Blue Angels light up MacDill AirFest
The renowned Navy precision flying team is one of the highlights at the annual open house at the Air Force base.
By BABITA PERSAUD
© St. Petersburg Times, published April 6, 2001
TAMPA -- It's the best roller coaster ride you can ever have, says Lt. Cmdr. Chip Boogerd, pilot No. 4 for the Navy Blue Angels.
He's talking about what he feels in the seat of his F/A-18 Hornet as part of the precision flying team that will perform at this weekend's AirFest 2001.
In that seat -- which isn't that comfortable, by the way, -- he hears only the engine. No sonic boom, even though the jets go mach 1.8, or nearly twice the speed of sound.
Constantly thinking about the next maneuver, the next radio call, Boogerd keeps his eyes on the No. 1 pilot, Cmdr. Robert A. Ffield, or "boss" as he's called.
"I'm just looking straight up at the bottom of his airplane," Boogerd said.
"Boss" makes a call and "we all go at the same time.
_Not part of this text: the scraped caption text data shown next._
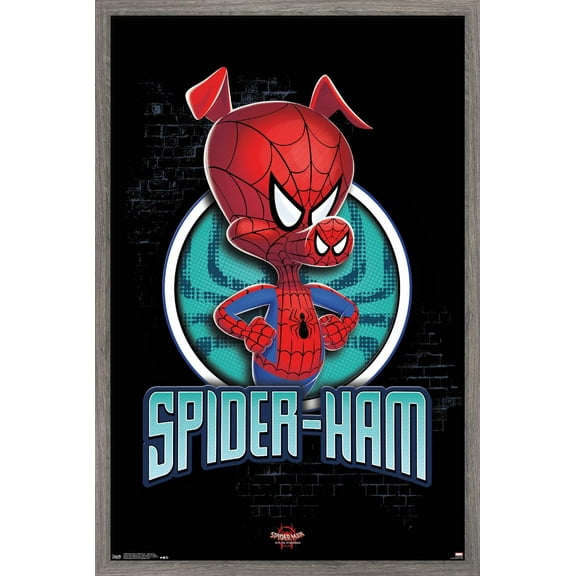 Marvel Spider-Man - Into The Spider-Verse - Spider-Ham Wall Poster, 14.725" x 22.375", Framed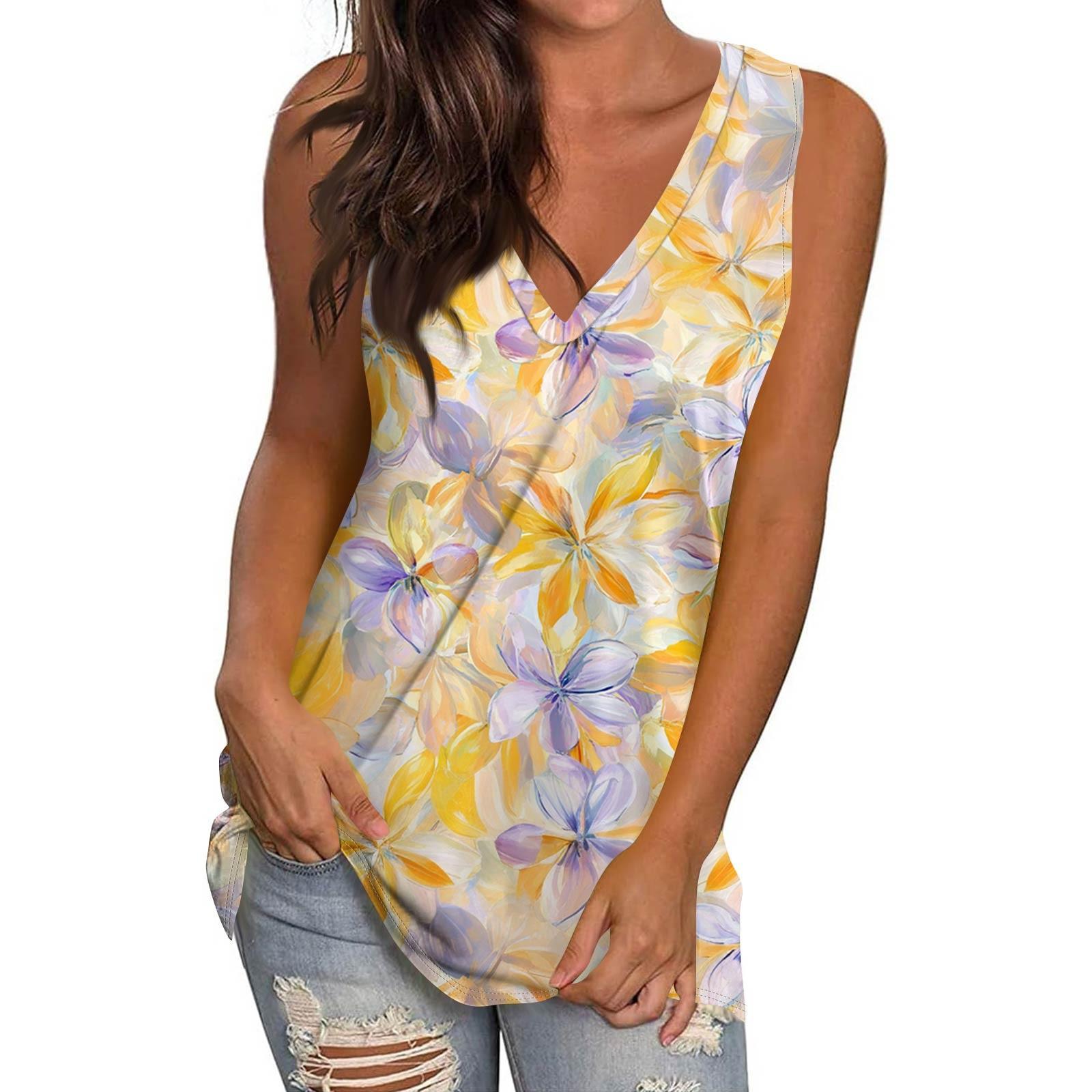 

Жіночий повсякденний модний топ-пуловер без рукавів з V-подібним вирізом, друкована жилетка, футболка XL жовтий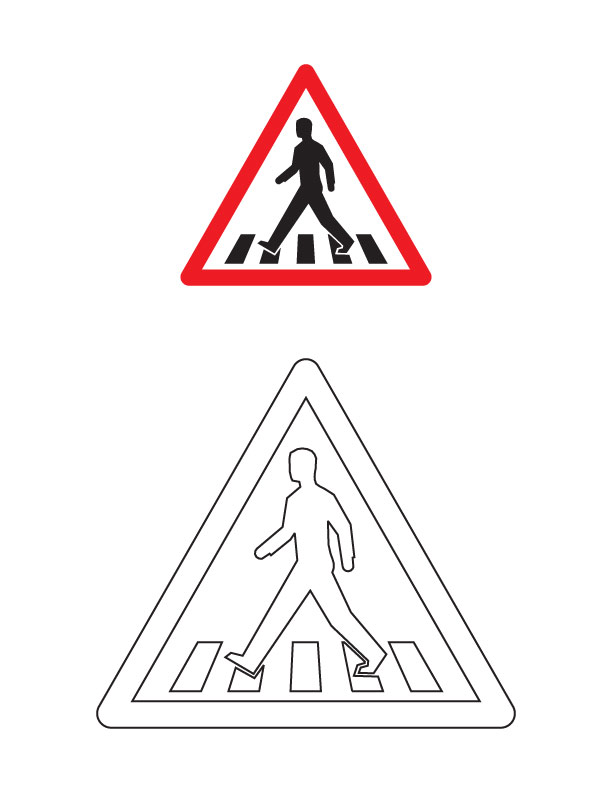 Pedestrian crossing traffic sign coloring page
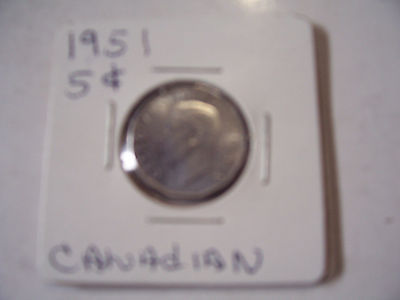 CANADAIN FIVE CENT NICKEL 1951 BEAVER REVERSE COIN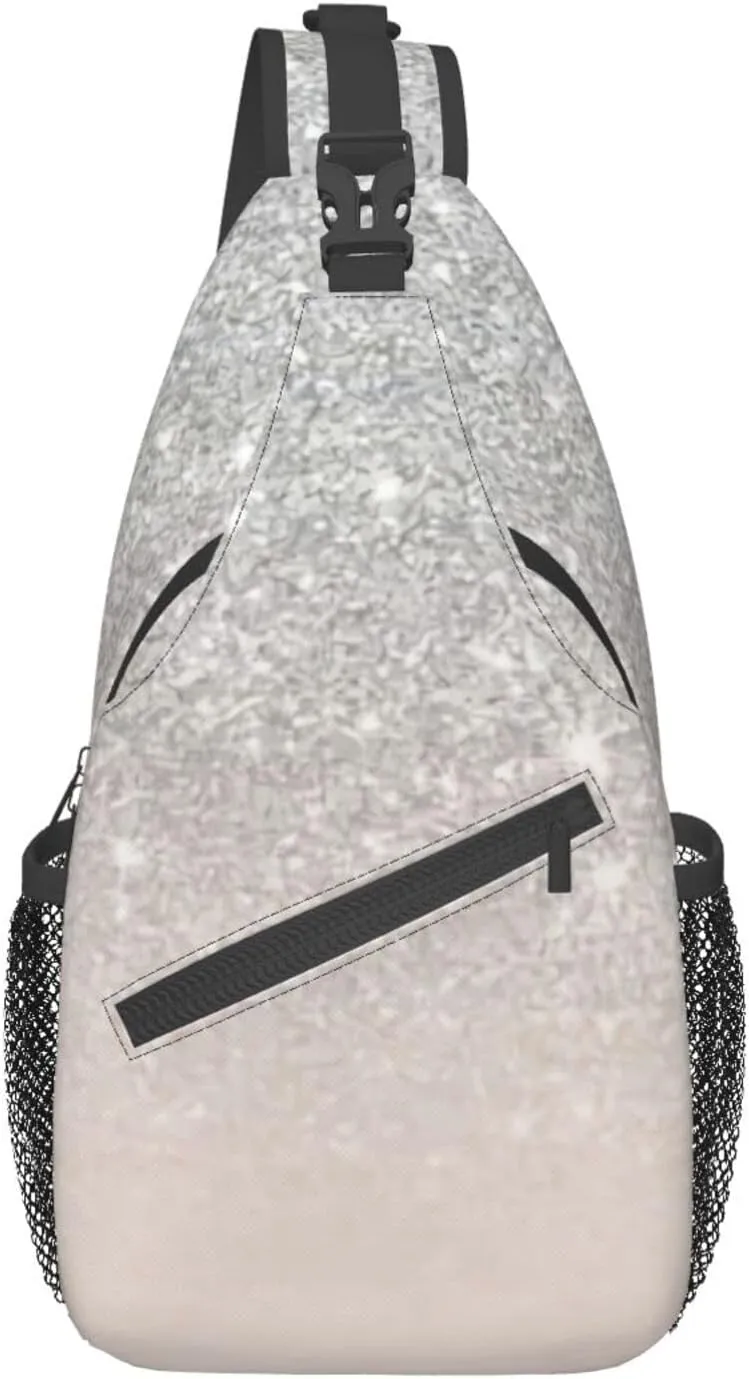 Mvirnsw Girly Silver Glitter Ombre Sparkles Sling Bag Crossbody Backpack Hiking Travel Daypack Chest Bag Lightweight Shoulder Bag For Women Men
That's why it all looks like one airplane."
The Blue Angels flew into MacDill Air Force Base on Thursday from Pensacola, their home base, and went right to work, giving interviews and practicing near Hangar No. 5.
Synchronized, they climbed into the cockpits of their slick jets, each with his name in yellow near the glass cockpit canopy. They gave the thumbs up to one another, just like in the movie Top Gun.
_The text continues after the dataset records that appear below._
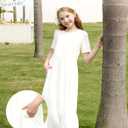 PATPAT Girl's Maxi Dress Boho Short Sleeve Long Dresses Casual Sundress with Pockets 5-14 Years (10-11 Years, White)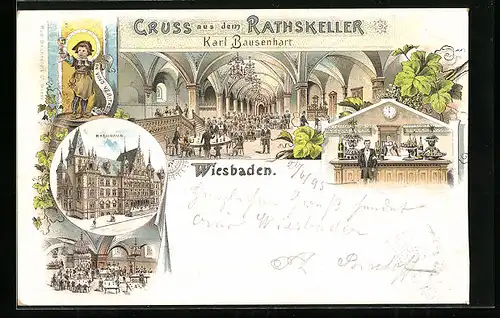 Lithographie Wiesbaden, Rathaus mit Gasthaus Ratskeller, Innenansichten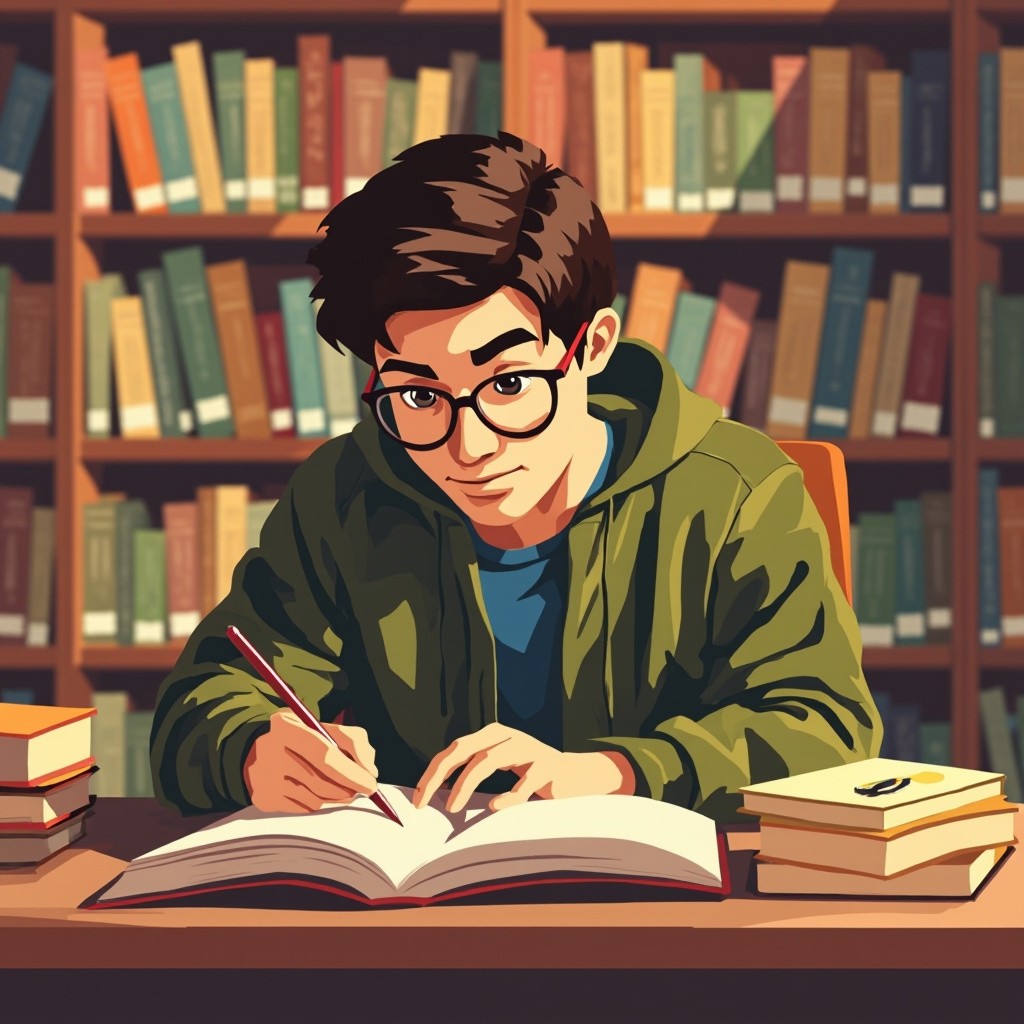 Garoto estudando por conta própria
"Take me to the max!" one yelled.
"Lets go!" said another.
Canopies down, the engines revved and the decibels rose. The six planes taxied down the runway and one by one, with white smoke trailing, pierced the blue sky.
They flew upside down, made loops, and did what the Navy Blue Angels are known for: flying 18 inches apart in a diamond formation.
AirFest is MacDill's annual open house, a time civilians can see F-16s, KC-10As and 70 other aircraft on display.
There are opening ceremonies at 9 a.m. on Saturday and Sunday.
The first fly-by Saturday, of KC 135s, is at 9:20 a.m. The popular Red Baron Squadron flies at 12:30 p.m., and at 1 p.m. the parachute team from MacDill's own U.S. Special Operations Command will drop from 12,500 feet.
The Blue Angels perform at 2 p.m. both days.
About 800,000 people came to last year's air show at MacDill, officials said.